No obstante, existe algo innato en el ser humano: una chispa creativa que en algunos arde con más fuerza. Tal vez sea una necesidad de expresión, de dejar huella, de compartir una perspectiva única del mundo. O quizás una historia secreta, un universo imaginario que cobra vida en la mente infantil y anhela liberarse a través de la escritura.
Esta fuerza impulsora normalmente no nace de un mandato externo, sino de un lugar profundo dentro de uno mismo. Un lugar donde las ideas brotan sin cesar, donde los personajes cobran vida propia, donde las palabras danzan sobre el papel guiadas por la pasión interna del escritor en ciernes.
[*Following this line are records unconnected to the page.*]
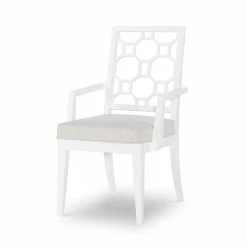 Flash Sale 🤩 Maklaine Modern Lattice Back Arm Chair In White (set Of 2) 💯 -Cheap Office Chairs Store 2433400 5 L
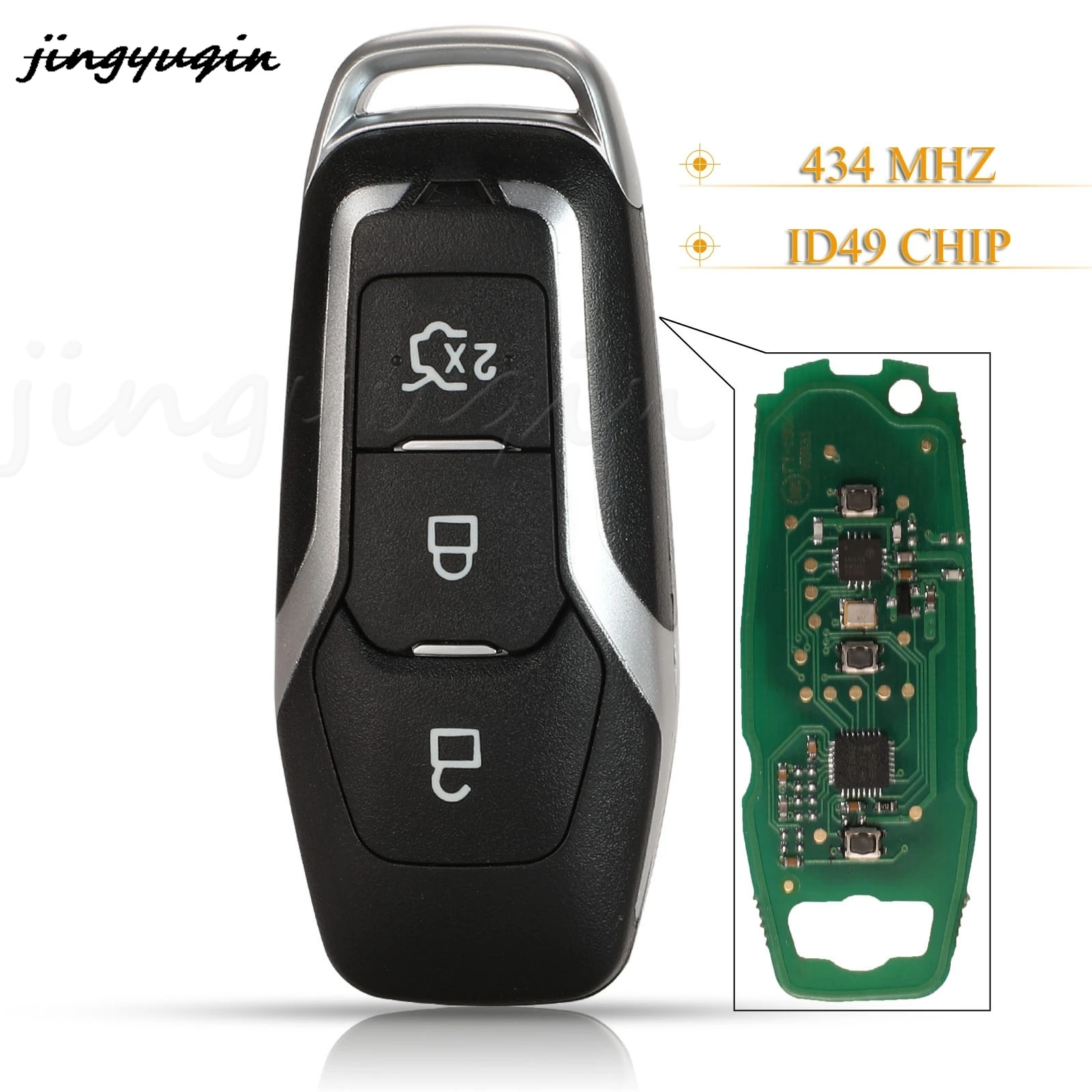 jingyuqin 3 Buttons Smart Remote Car Key Fob 434Mhz ID49 For Ford Mondeo Edge S-Max Galaxy 2014-2018 DS7T-15K601-D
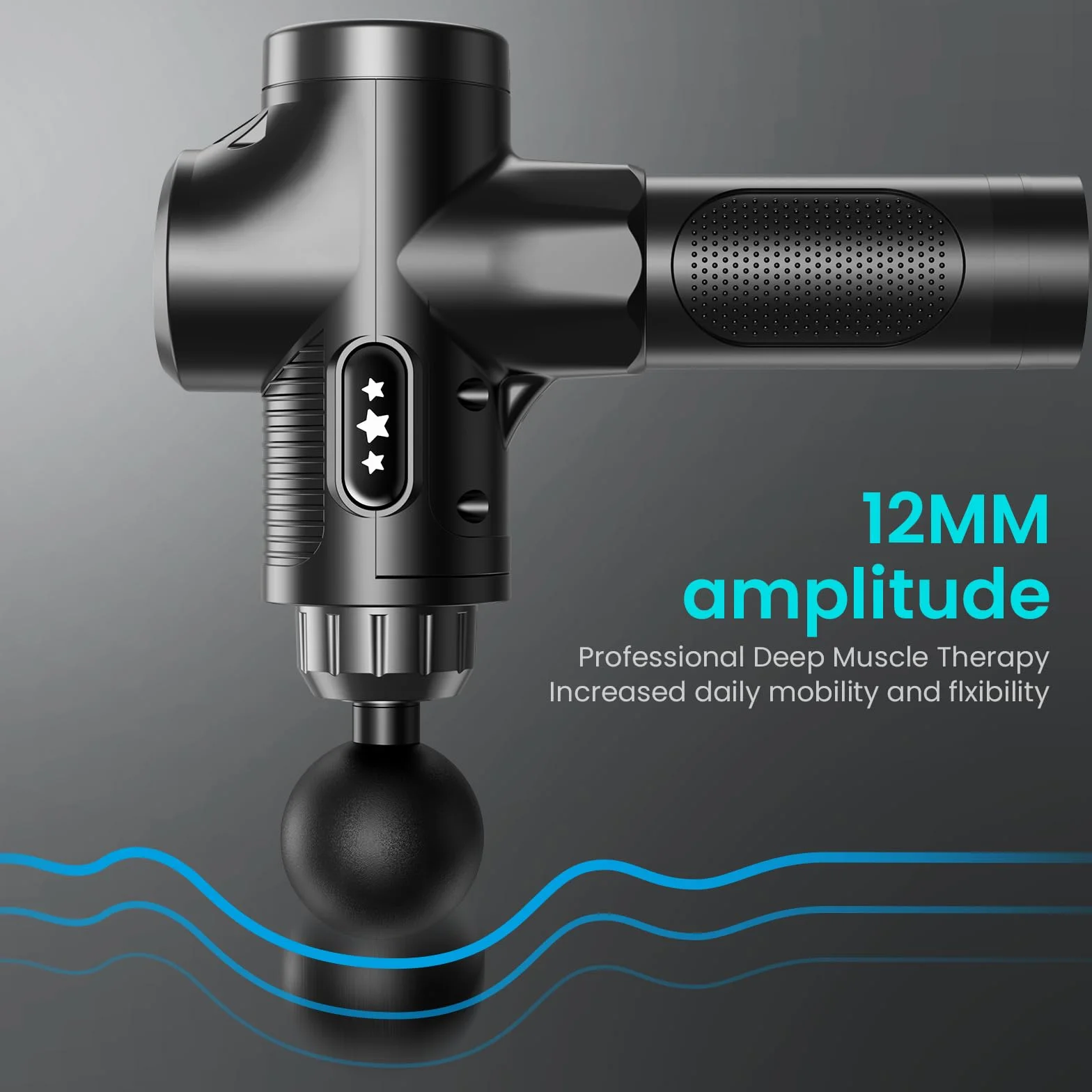 Pistola de Masaje Muscular, Pistola Masajeadora Muscular de Tejido Profundo ANSGEC con 30 Velocidades y 10 Cabezales de Masaje, Massage Gun con Pantalla LCD Táctil, para Aliviar el Dolor Muscular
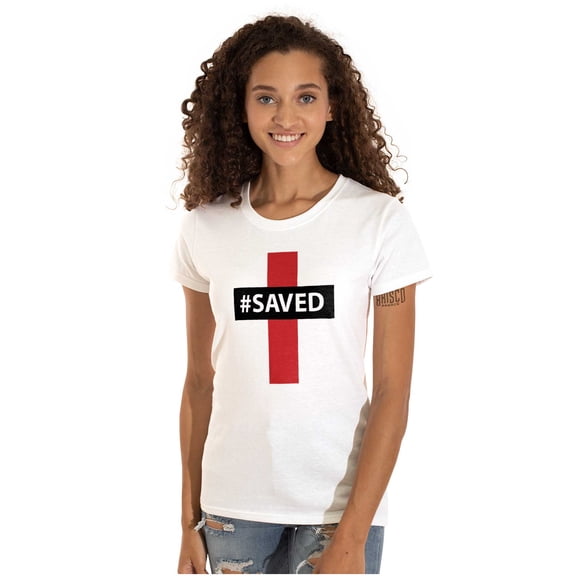 Saved Hashtag Religious Christian Womens Slim Fit Graphic Tee Brisco Brands L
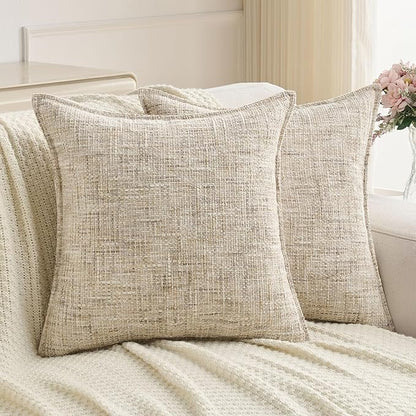 FUTEI Beige Decorative Throw Pillow Covers 24x24 Inch Set of 2, Soft Chenille by FUTEI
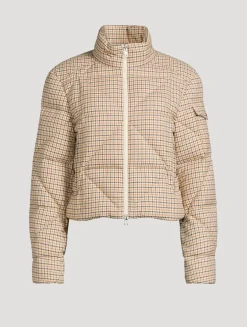 Keros Down Jacket In Plaid Print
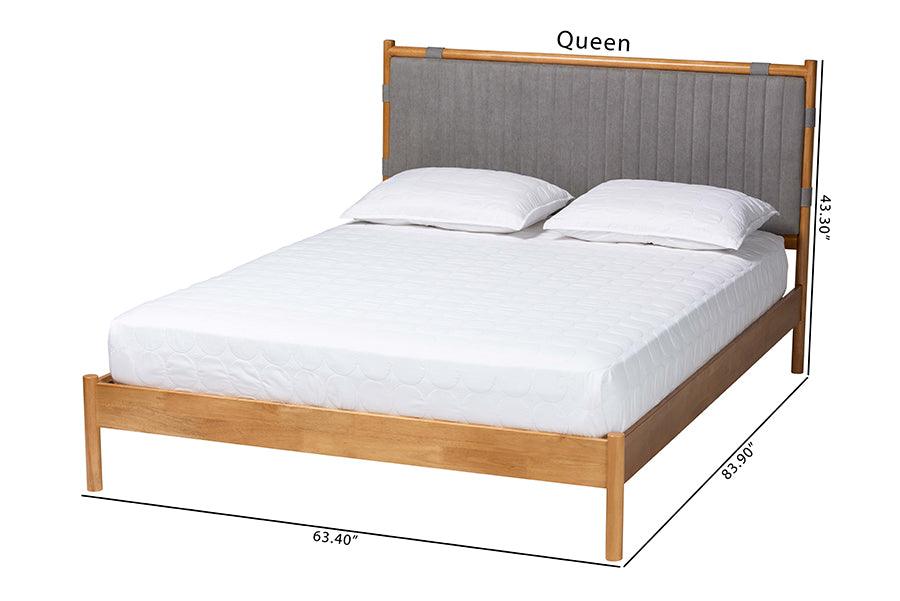 Baxton Studio Jaiana Mid-Century Grey Fabric and Oak Brown Wood Queen Size Bed FredCo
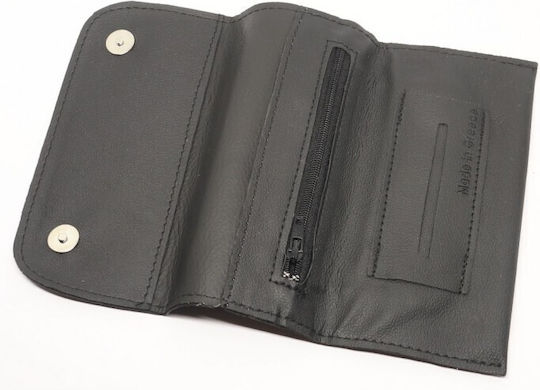 Lederne Tabaktasche in mit Verschluss BLACK Authentic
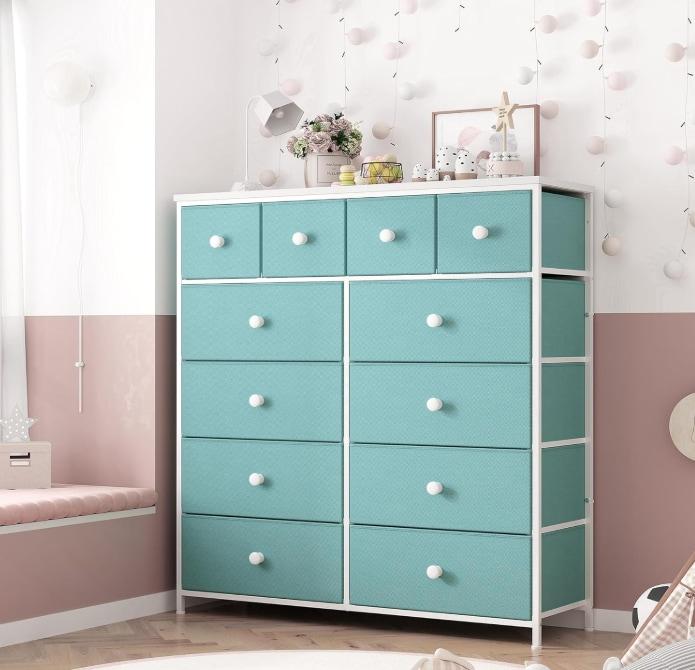 Dresser For Bedroom With 12 Fabric Drawers, Tall Dresser With Wooden Top & Metal Frame, Bedroom Dresser, Dressers & Chests Of Drawers, Room Decor, Home Deco, Festival Decor, Pink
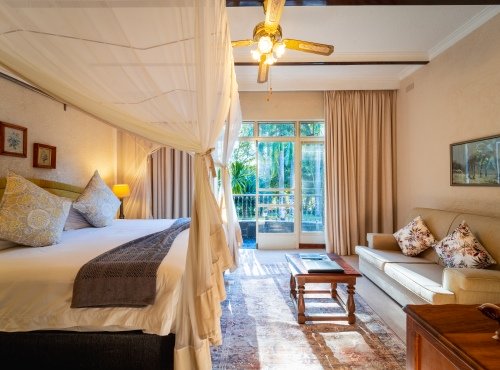 Inside one of the room at The Victorian Manor, a luxury bed and breakfast lodge in Victoria Falls, Zimbabwe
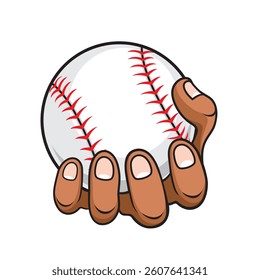 hand holding baseball vector illustration design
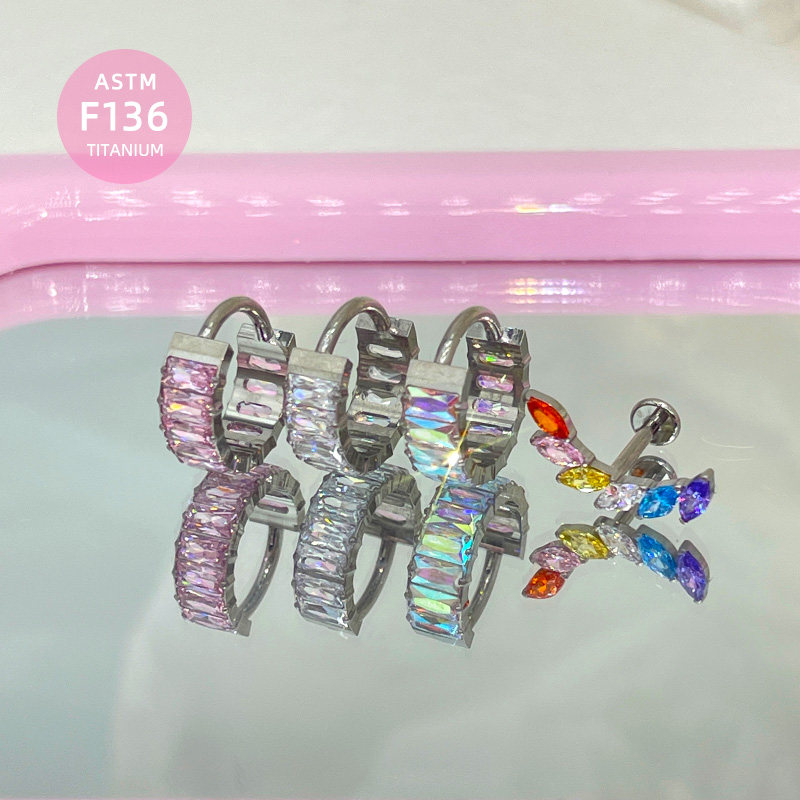 F136钛合金耳骨钉彩虹耳排方糖耳圈冰糖方钻耳骨环防过敏耳扣穿孔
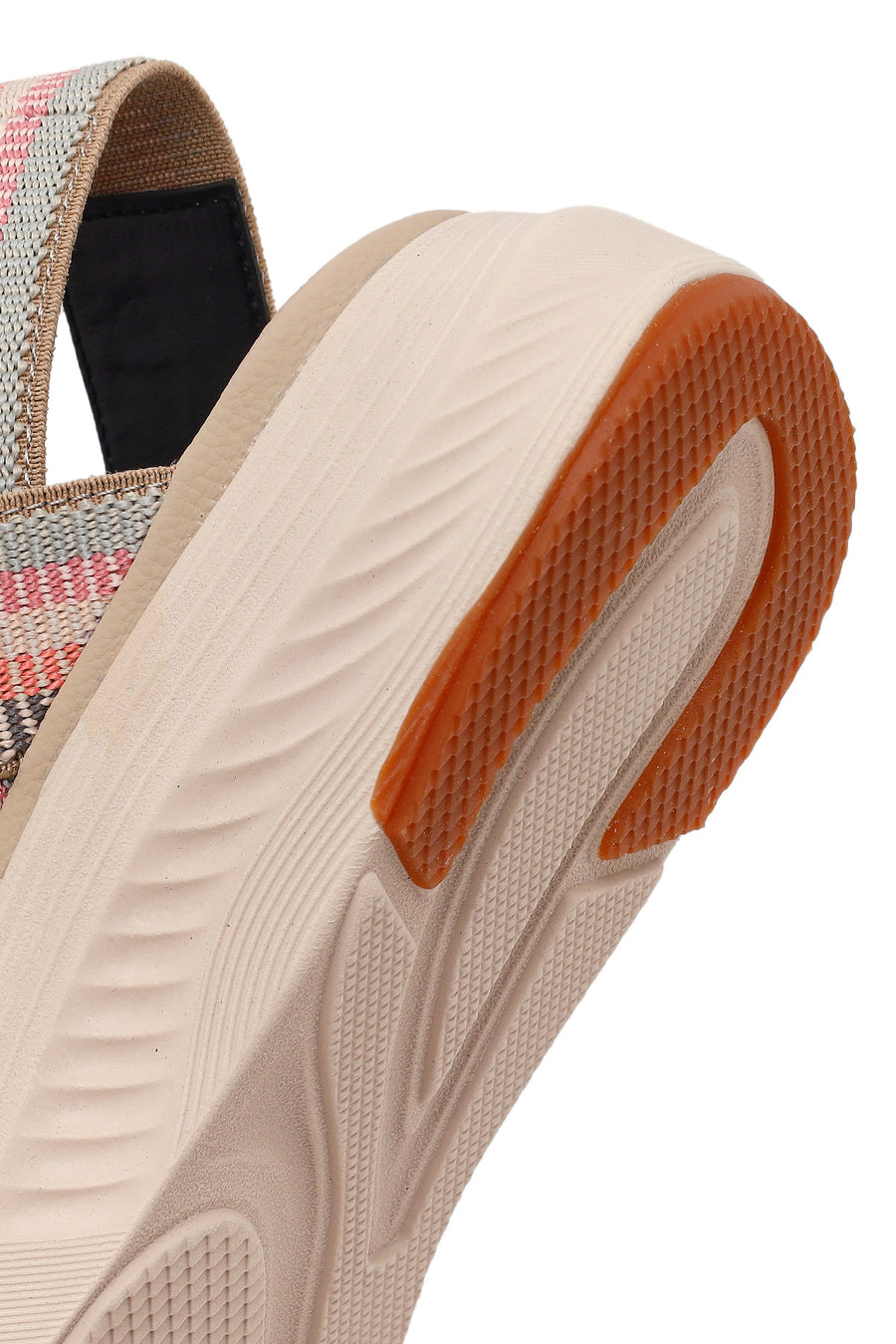 Women's Beige Strapped Thick-Soled Fabric Comfort Sandals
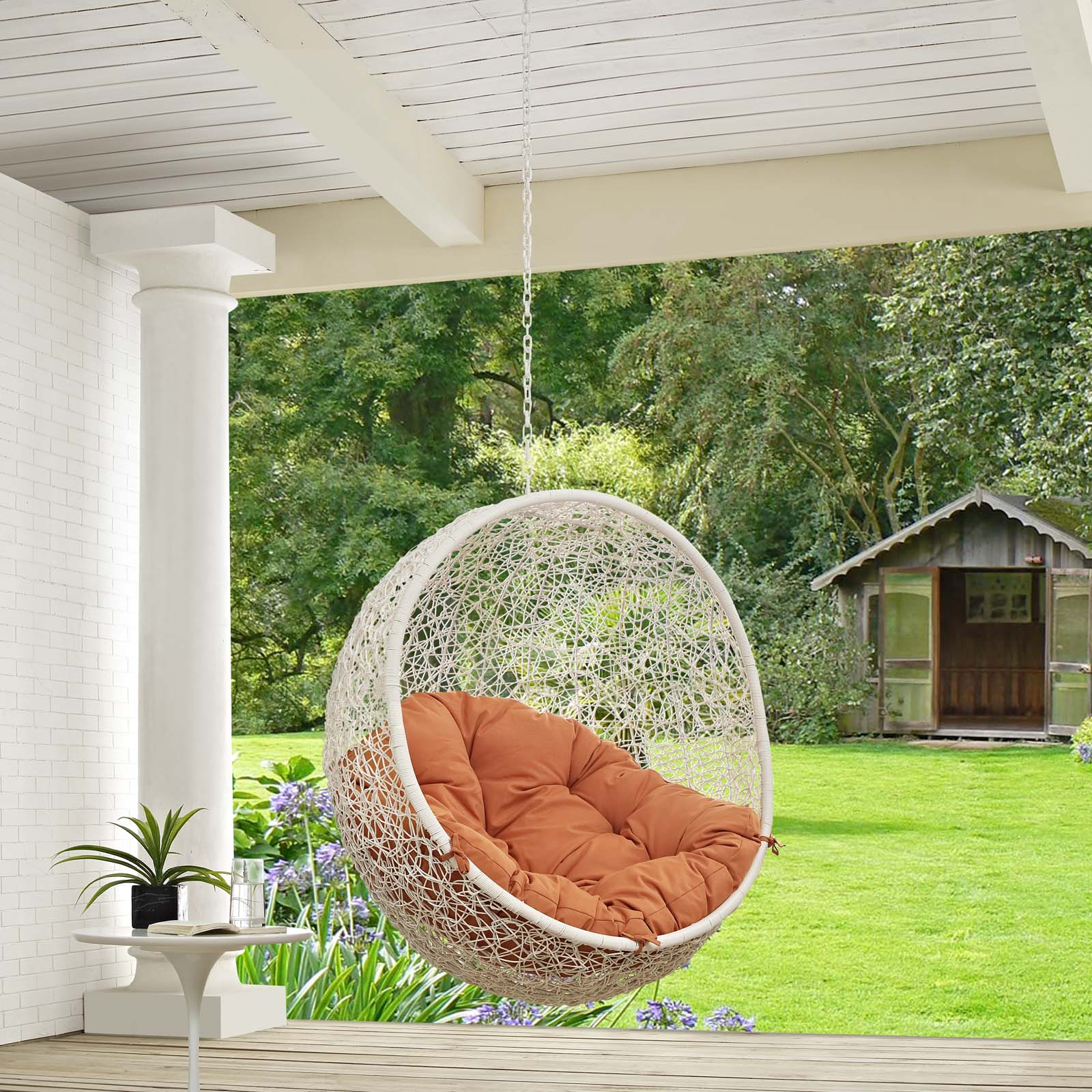 Modway Outdoor Conversation Sets - Hide-Outdoor-Patio-Swing-Chair-Without-Stand-White-Orange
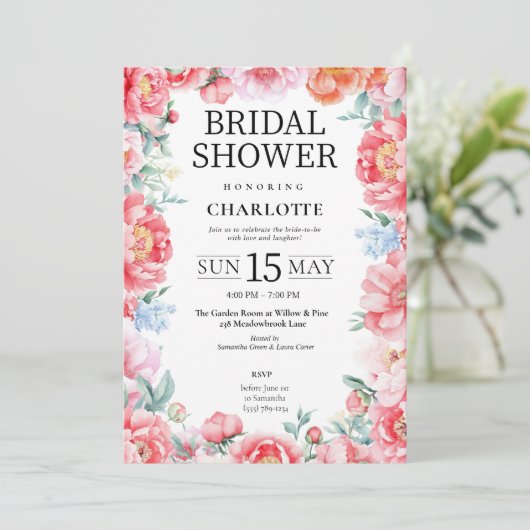 Elegante Roze Pioenbloem Bruids Douche Uitnodiging (Staand voorkant)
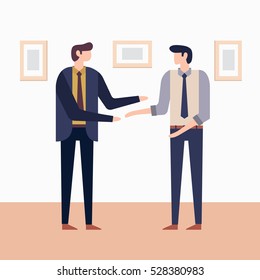 Two businessmen talking to each other. Vector illustration, flat design.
Así fui escribiendo pequeños discursos que leía en las asambleas de estudiantes.
Sin embargo, mi primer escrito publicado fue diferente. Siendo dirigente estudiantil en Uruguay, tendría yo unos 19 años, cuando ocurrió un evento curdo y divisorio que me motivó a escribir una carta a un prestigioso semanario. Amigos que leyeron la carta creyeron que había sido escrita por mi padre, “porque estaba escrita en difícil”. Es decir, no solo no se estimula a los jóvenes a escribir, sino que también se les deslegitima cuando escriben. En verdad, se necesita mucha fuerza para comenzar a escribir. En mi caso, nació de la necesidad apremiante de manifestar mi posición moral y cívica frente a un suceso inhumano.
Posteriormente, hice carrera universitaria, donde uno escribe como “ensillado”, amaestrado. Fue solo al jubilarme cuando comencé a escribir por placer, movido por aquella chispa creativa, como lo hago ahora.